As we see more than 200 teams in the dataset, we concluded that we would need more controlled dataset, as the teams can be in different league. The teams that are in higher league may have lower winning rate although their payroll is high, because they are more likely to compete with stronger teams.
Using data from the nasaweather R package, use the path geometry (i.e. use a geom_path layer) to plot the path of each tropical storm in the storms data table. Use color to distinguish the storms from one another, and use faceting to plot each year in its own panel.

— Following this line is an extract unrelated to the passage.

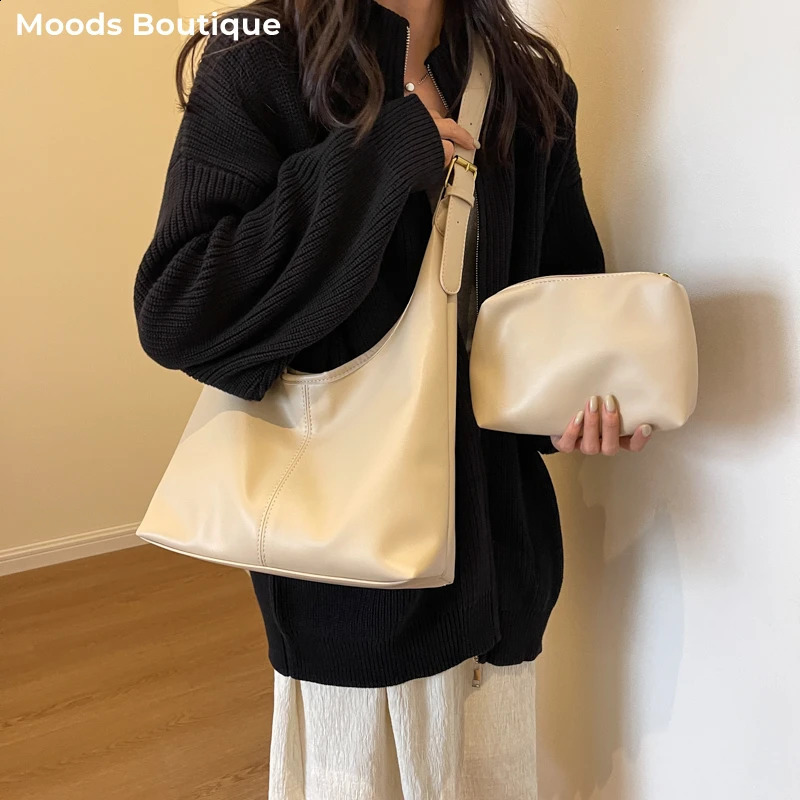 MOODS Shoulder Tote Bag Sets For Women Pure Color Large Capacity Shopping With Small Pouch 2023 Winter Casual Shoppers 240813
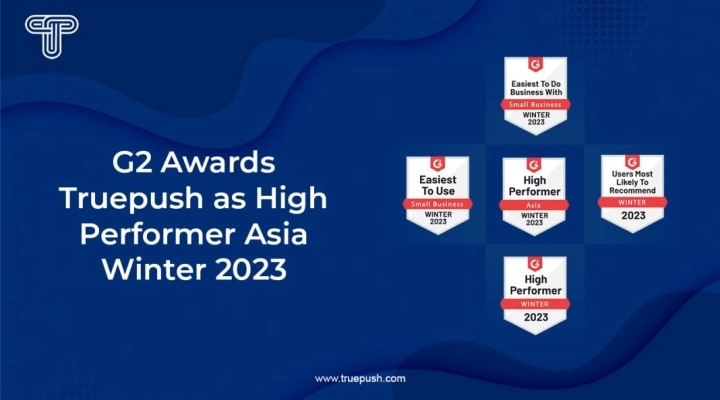 G2 Awards Truepush as High Performer Winter 2023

Hint: Don’t forget to install and load the nasaweather R package!
library(nasaweather)
library(tidyverse)
storms
## # A tibble: 2,747 × 11
## name year month day hour lat long pressure wind
## <chr> <int> <int> <int> <int> <dbl> <dbl> <int> <int>
## 1 Allison 1995 6 3 0 17.4 -84.3 1005 30
## 2 Allison 1995 6 3 6 18.3 -84.9 1004 30
## 3 Allison 1995 6 3 12 19.3 -85.7 1003 35
## 4 Allison 1995 6 3 18 20.6 -85.8 1001 40
## 5 Allison 1995 6 4 0 22.0 -86.0 997 50
## 6 Allison 1995 6 4 6 23.3 -86.3 995 60
## 7 Allison 1995 6 4 12 24.7 -86.2 987 65
## 8 Allison 1995 6 4 18 26.2 -86.2 988 65
## 9 Allison 1995 6 5 0 27.6 -86.1 988 65
## 10 Allison 1995 6 5 6 28.5 -85.6 990 60
## # ... with 2,737 more rows, and 2 more variables: type <chr>,
## # seasday <int>
tropical <- filter(storms, type == "Tropical Storm")
ggplot(tropical, aes(x = lat, y = long)) +
geom_path(aes(colour = name)) +
facet_wrap(~year, scales = "free", ncol = 3)

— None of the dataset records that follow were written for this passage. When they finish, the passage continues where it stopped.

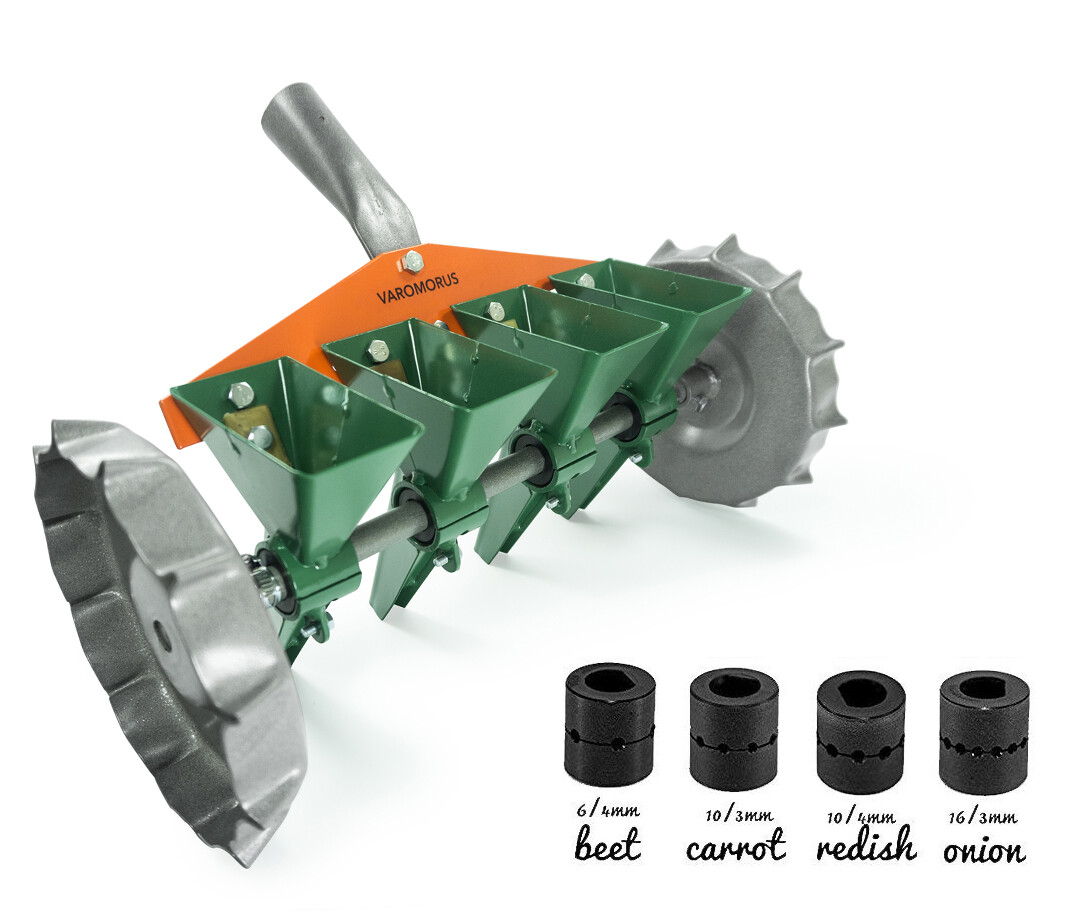 Varomorus Garden Hand Manual Seeder 4 Row Planter sowing vegetable seeds metal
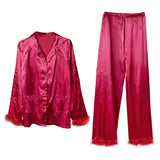 Pink Satin Pyjamas with Feather Trims - Small- 5 Inner Pack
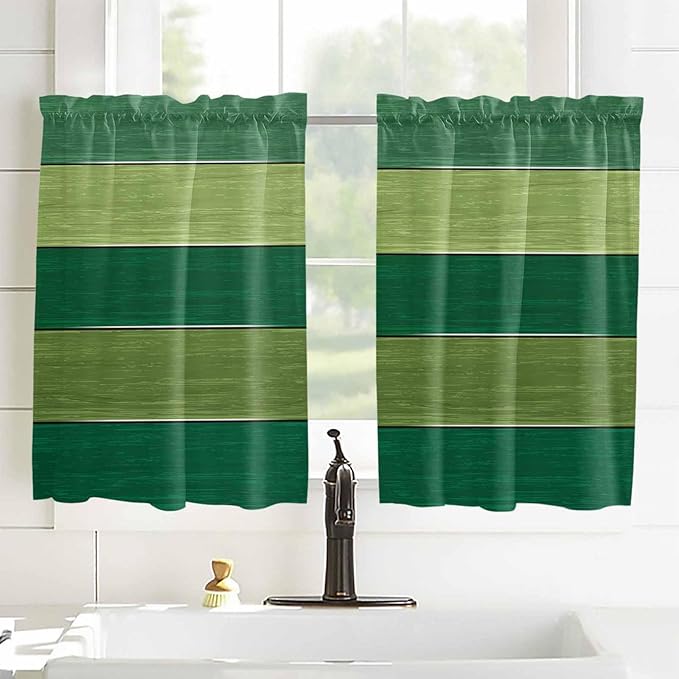 Farm Retro Green Wood Grain Window Valance Curtains, Rustic Wooden Plank - Image 8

Using the data set Top25CommonFemaleNames.csv, recreate the “Median Names for Females with the 25 Most Common Names” graphic from FiveThirtyEight (link to graphic; link to full article).
library(tidyverse)
old_name <- read.csv("https://raw.githubusercontent.com/cmsc205/data/master/Top25CommonFemaleNames.csv")

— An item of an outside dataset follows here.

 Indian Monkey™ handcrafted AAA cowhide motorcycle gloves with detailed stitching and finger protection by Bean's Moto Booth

ggplot(old_name, aes(x = reorder(name, - median_age), ymin = q1_age, lower = q1_age,
middle = median_age, upper = q3_age, ymax = q3_age)) +
geom_boxplot(stat = "identity", color = "lightgoldenrod", fill = "lightgoldenrod") +
coord_flip() +
labs(x = NULL, y = NULL,
title = "Median Ages For Females With the 25 Most Common Names",
subtitle = "Among Americans estimated to be alive as of Jan. 1, 2014") +
geom_point(aes(y = median_age), shape = 21, fill = "red", color = "white", size = 2)
** I was trying to use “theme_pander()” at the end, to get rid of the grey background, but it did not knit the R markdown file when I did it.